Look below for the line containing "Patterrz Reacts to"; from there, print each line exactly up to and including the line containing "Dětská cyklo sedačka Hamax + kolo zdarma - 5", and stop.

# THE INPUT
------------------------------------

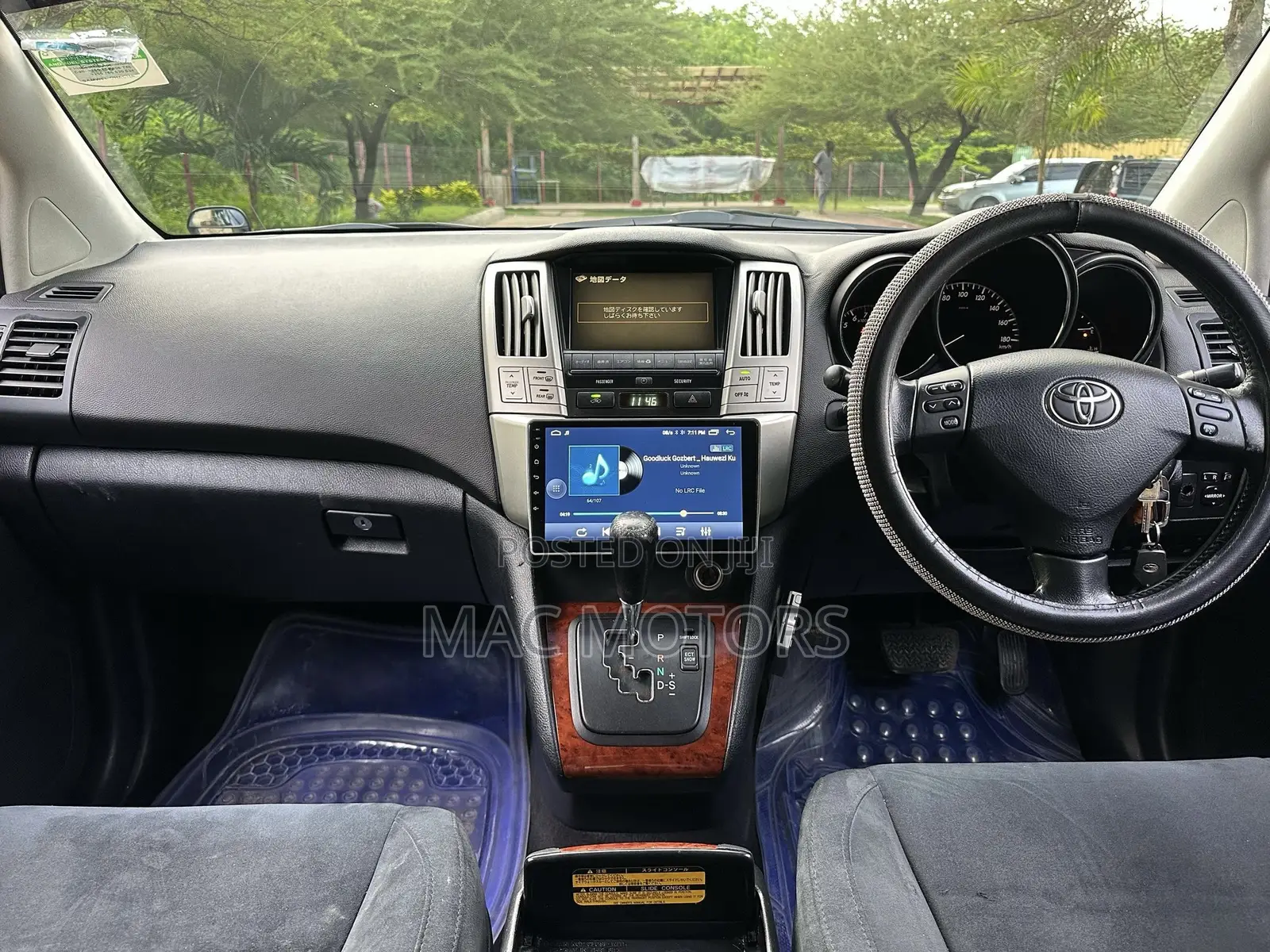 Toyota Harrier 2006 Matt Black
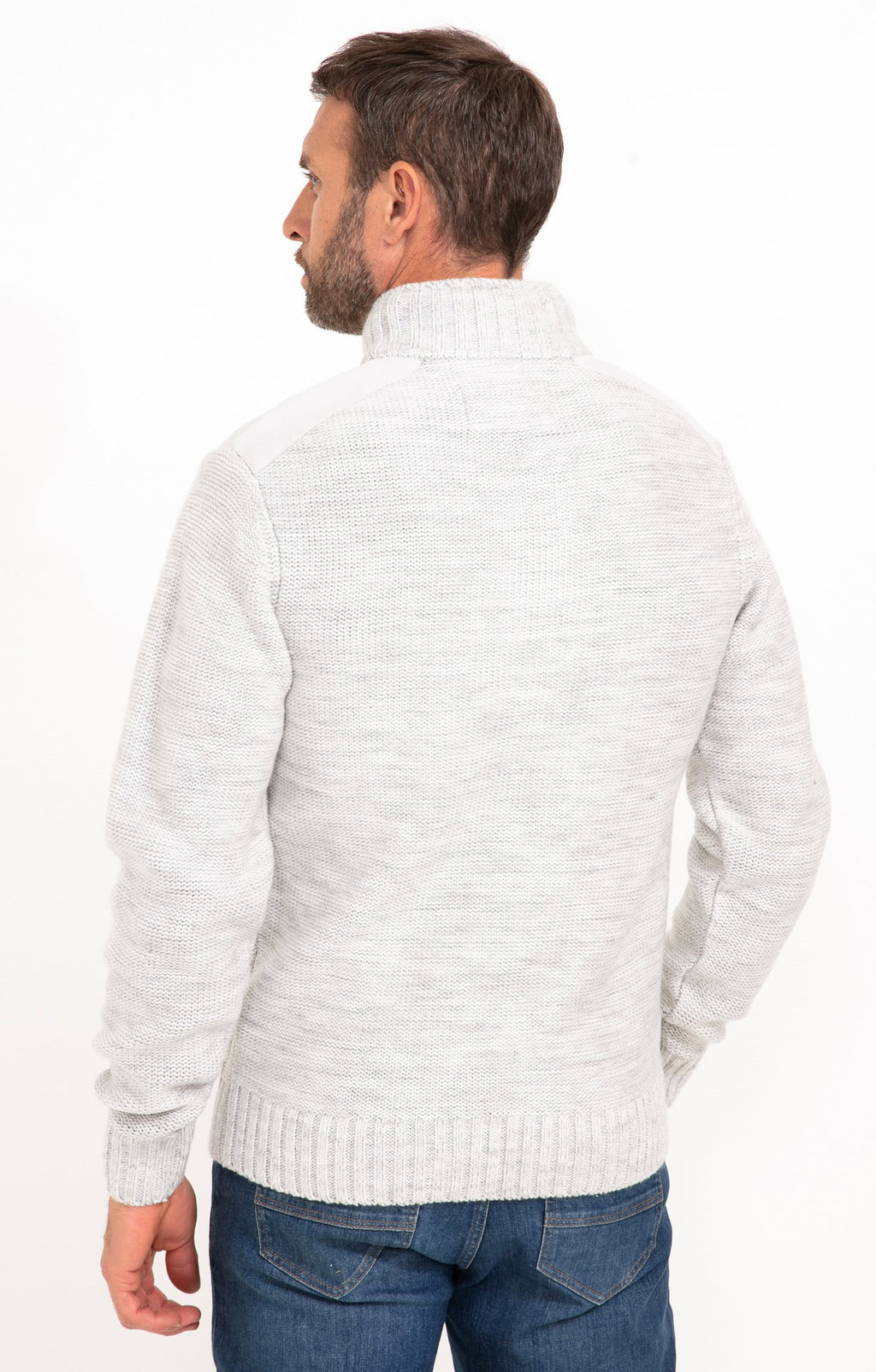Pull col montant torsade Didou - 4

------------------------------------

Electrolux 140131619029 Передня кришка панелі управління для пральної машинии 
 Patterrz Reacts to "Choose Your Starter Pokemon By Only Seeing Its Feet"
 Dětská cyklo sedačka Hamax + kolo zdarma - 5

------------------------------------

# RESULT
 Patterrz Reacts to "Choose Your Starter Pokemon By Only Seeing Its Feet"
 Dětská cyklo sedačka Hamax + kolo zdarma - 5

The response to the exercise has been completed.